A Capsule History of English SciFi and Fantasy
From John C Wright comes a capsule history of science fiction and fantasy in English.
A reader asks a fascinating question. He speaks of a recent history of science fiction he’d read, and says the editors “laid the blame of ghetto-izing science fiction at John W. Campbell’s feet. I wonder if you have any thoughts on the matter.”
If the editors made the claim that science fiction was popular and mainstream before Campbell, and ghettoized after, I scorn this opinion as not merely ahistorical, but absurd.

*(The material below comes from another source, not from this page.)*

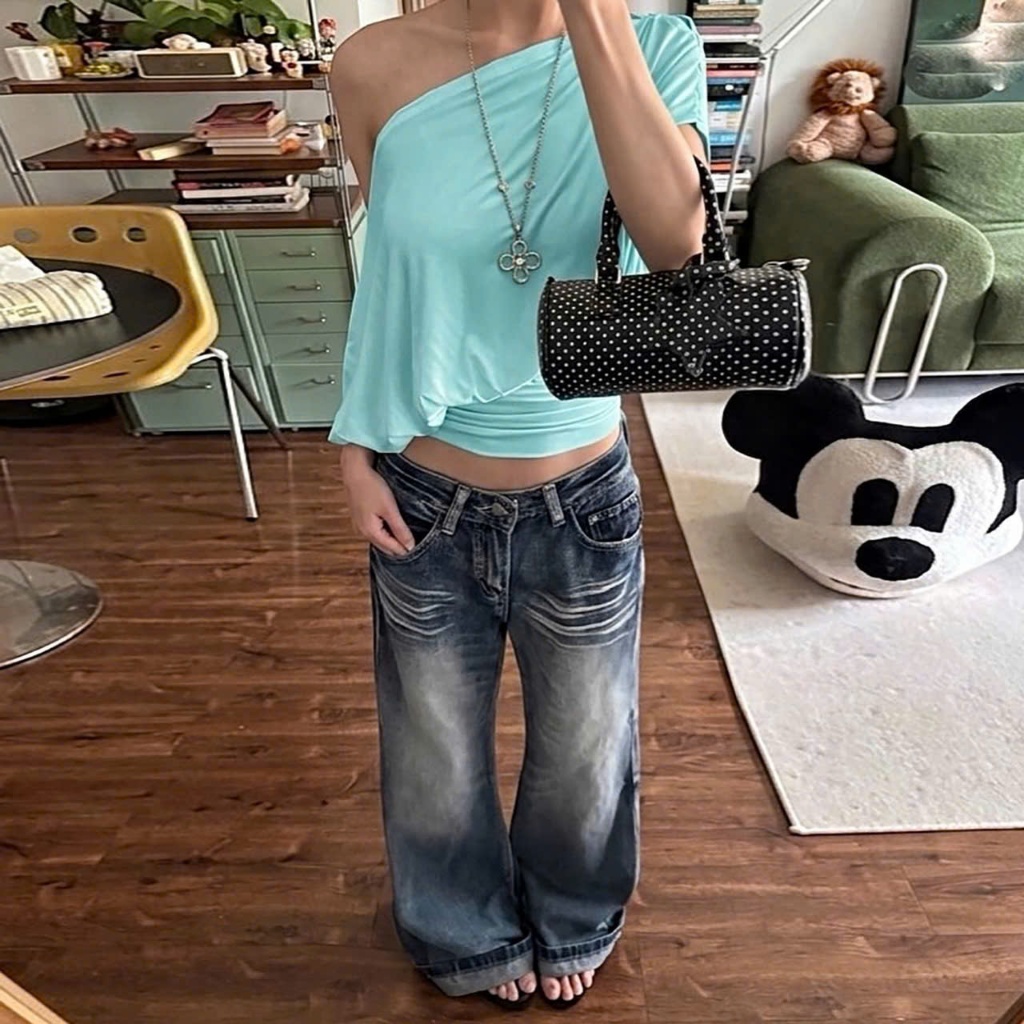 (sẵn 2M)Áo trễ vai quây màu xanh ngọc tiffany blue và trắng trơn chất thun kết hợp khuy cài ATV047 - TikTik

The first fathers of science fiction, Wells, Verne, and the now-forgotten Olaf Stabledon, wrote for a general audience and were admired and respected as much (or as little) as any other writers. However, the next generation of science fiction writers, including figures like Edgar Rice Burroughs, A. Merritt, and Robert E. Howard, wrote boy’s adventure fiction. Beloved as these stories are to fans like myself, they were comicbookish, aimed at children, and dealt with their themes in a childish way.
These stories are, in my fanboy opinion, simply great, but simply not great art.
...
Fantasy does not have a figure comparable to John W. Campbell, Junior, or, at least, not on the editorial side. Perhaps we could name Lin Carter during his Ballantine Adult Fantasy series: however, even Mr. Carter would admit that he was merely skateboarding the wake of that eighteen-wheeler of the fantasy field, Tolkien’s trilogy.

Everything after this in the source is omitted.